Tokyo Electric Power Company (TEPCO) Holdings Inc. unveiled a plan to seek realignment of its nuclear power business and power transmission and distribution units with other power companies in the 2020s, amid a lukewarm stance in the industry toward teaming up with the embattled utility.
TEPCO Holdings submitted the plan to the government on May 11 together with the Nuclear Damage Compensation and Decommissioning Facilitation Corp. (NDF), as the utility's new rehabilitation scheme following the outbreak of the Fukushima No. 1 Nuclear Power Plant disaster.
Specific steps for advancing the realignment will be finalized as early as this coming fall after TEPCO discusses the matter with the government and NDF. However, the reconstruction plan looks unfeasible as other power companies remain reluctant to join hands with TEPCO, which is riddled with colossal amounts of damage compensation and nuclear decontamination and reactor decommissioning costs stemming from the nuclear disaster.
Under the plan, TEPCO aims to promote realignment and integration of its nuclear power, power transmission and distribution businesses over the next decade, "ultimately seeking to achieve roughly 450 billion yen in ordinary profits annually." To facilitate the realignment, TEPCO is planning to set up a new consortium together with other utilities.
"We filed the plan with the government after having repeated discussions on how to enhance TEPCO's corporate value," TEPCO Holdings President Naomi Hirose told a press conference. "We believe the government will approve our plan."
Under the new strategy, 500 billion yen annually will be set aside for dealing with the Fukushima nuclear crisis. To that end, TEPCO presented six different scenarios for resuming operations at the Kashiwazaki-Kariwa nuclear power plant in Niigata Prefecture to improve earnings, with reactor reactivation envisaged either in fiscal 2019, fiscal 2020, or fiscal 2021.

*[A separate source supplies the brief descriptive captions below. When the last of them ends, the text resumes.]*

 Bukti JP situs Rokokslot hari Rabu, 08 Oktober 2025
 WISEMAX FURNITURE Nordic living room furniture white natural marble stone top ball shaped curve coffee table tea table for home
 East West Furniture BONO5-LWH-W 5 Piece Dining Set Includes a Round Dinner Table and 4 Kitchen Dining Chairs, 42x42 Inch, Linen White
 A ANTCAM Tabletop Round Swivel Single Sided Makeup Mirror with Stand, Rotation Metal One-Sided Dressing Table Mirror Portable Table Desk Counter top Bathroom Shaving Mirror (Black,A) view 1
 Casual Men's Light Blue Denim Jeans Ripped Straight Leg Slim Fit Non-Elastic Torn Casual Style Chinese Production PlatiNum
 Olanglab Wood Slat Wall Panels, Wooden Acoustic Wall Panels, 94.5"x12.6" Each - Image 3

With regard to the estimated 4-trillion-yen cost for decontaminating areas tainted with radioactive materials emanating from the nuclear catastrophe, which the government is temporarily covering on behalf of TEPCO via the NDF, TEPCO has changed its initial plan to reimburse the government by selling corporate shares and now plans to consider the matter from a broader perspective, including the option of selling shares of the new consortium.
TEPCO will also look into having its effective nationalization finalized by the end of fiscal 2019, according to the plan.